No comparto la nostalgia que de quienes señalan que todo tiempo pasado fue mejor. Entre el pasado y el presente elijo el futuro: servicios públicos, vacunas, antibióticos, derechos para las mujeres y los sectores lgtbi, separación iglesia-estado y estado social de derecho, entre otros.
Hablemos del último punto: del avance que representa el estado de derecho. Hace tiempos (la cantidad de años o siglos varía en cada país) los mandatarios concentraban el poder absoluto: un rey o dictador (incluso elegido por voto popular) dictaba las normas, las ejecutaba y juzgaba a quienes las violaban. “El Estado soy yo”, dijo Luis XIV, rey de Francia que murió de gangrena.
En ciertos debates percibo nostalgia por el Rey Sol. “Los gobernantes ya no tienen pantalones para hacerse obedecer”, dicen. Además de los machos pantalones, me llaman la atención los métodos: para algunos “tener pantalones” significa añorar castigos físicos, torturas, purgas, penas de muerte, cadenas perpetuas, capturas masivas y demás tratos prohibidos por nuestra Constitución.
El estado de derecho deriva de la división de poderes. Montesquieu escribió en 1748 que todos los hombres con poder tienden a abusar y por eso se necesita que el poder detenga al poder. La división en rama legislativa, ejecutiva y judicial responde a esa necesidad de pesos y contrapesos que dividan al poder para controlarlo.
Vivir en un estado de derecho consiste en que no hay poderes absolutos y todos nos sometemos a las leyes vigentes: yo, tú, Él. Aplica para Trump, a quien los jueces le han frenado órdenes de deportaciones masivas de migrantes; para el rey Juan Carlos, quien es investigado en España por pagos en una cuenta suiza; y para los exguerrilleros y paramilitares que se acogen a la Jurisdicción Especial para la Paz (JEP) o a la justicia ordinaria, de acuerdo con nuestro ordenamiento.
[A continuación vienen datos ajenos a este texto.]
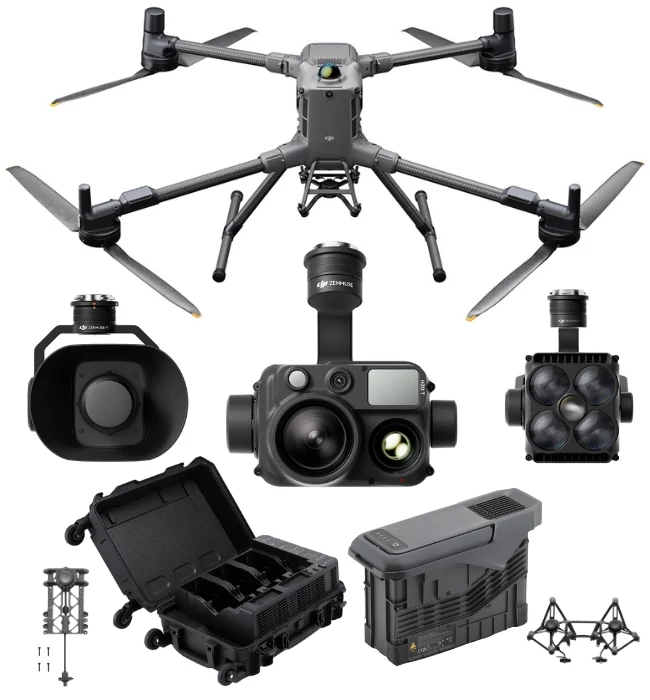 DJI Matrice 400  - Search and Rescue Pack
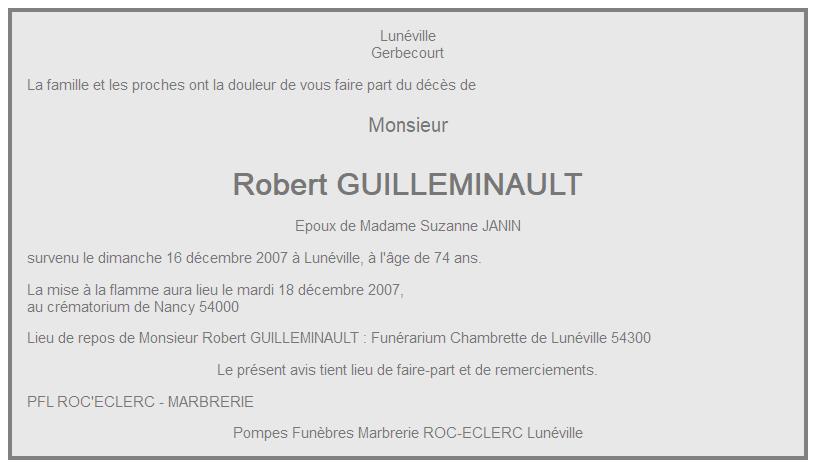 Image Annonce nécrologique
En noviembre de 2002, cuando Álvaro Uribe estrenaba la Presidencia, Pedro Suárez Vacca, un juez de Tunja, dejó en libertad a dos presos que cumplieron tres quintas partes de su pena. El ministro de Justicia, Fernando Londoño, acusó al juez de pertenecer al cartel de Cali porque los beneficiados eran Miguel y Gilberto Rodríguez Orejuela. Según Londoño, al juez le faltaron pantalones para dejarlos encarcelados, aunque la ley le ordenaba liberarlos.
En un consejo comunitario celebrado en Buenaventura el 26 de octubre de 2006, el presidente Uribe ordenó capturar por narcotráfico al secretario de Gobierno Adolfo Chipantiza. El detenido tuvo que ser liberado porque no había orden de captura expedida por una autoridad competente. En este caso, como en el del juez Suárez, quedó claro que la rama judicial no recibe órdenes del ejecutivo.
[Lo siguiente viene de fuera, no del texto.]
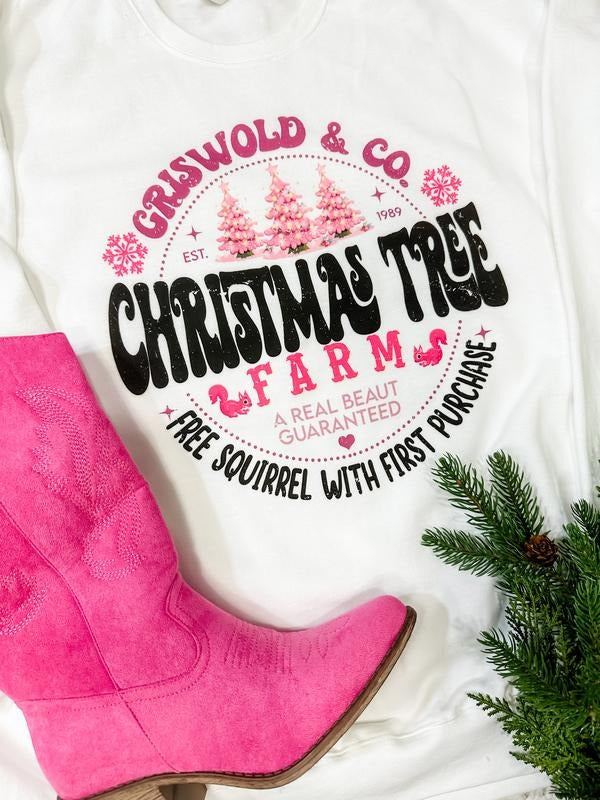 Griswold Tree Farm Graphic Top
Esta semana cinco jueces ordenaron de manera unánime la detención de Uribe. En un estado de derecho esto significa que la rama judicial, siguiendo el debido proceso, halló méritos para privar de la libertad a un ciudadano. Este juicio, como todos, consiste en determinar si una conducta es típica, antijurídica y culpable. Es irrelevante si la gente lo ama, si es buen padre de familia o si la casa por cárcel entristece a la esposa. Las prisiones están llenas de buenos miembros de familia, que se consideran a sí mismos trabajadores y honestos. El derecho penal se ocupa de hechos y pruebas sobre casos concretos, no sobre hojas de vida ni éxitos electorales o profesionales. Esta investigación se limita a determinar si Uribe cometió los delitos de manipulación de testigos y fraude procesal; no es un juicio histórico sobre su gobierno, ni una investigación sobre falsos positivos. Es solo una de las más de 270 causas judiciales que se han abierto contra el expresidente, y se refiere a una denuncia que el propio Uribe presentó contra el senador Iván Cepeda y que hoy sabemos que era falsa.
Vivimos en un estado de derecho y no en un estado de opinión, esa entelequia que el uribismo agita desde 2009 y que busca debilitar las instituciones para imponer la emocionalidad de algunos ciudadanos con el fin de ajustar el Estado a sus intereses, incluso cambiando “articulitos” constitucionales. El estado de opinión por encima del estado de derecho es lo que sueñan Maduro, Ortega, Trump, Bolsonaro y otros. Si no somos como Venezuela es precisamente porque en Colombia opera la división de poderes y los jueces tienen la autonomía para ordenar la captura del hombre más poderoso del país. Para esos jueces: respeto por su labor.
Nota al pie: esta columna cumple esta semana cinco años de publicación ininterrumpida. Gracias al director por el espacio y a los lectores por la paciencia.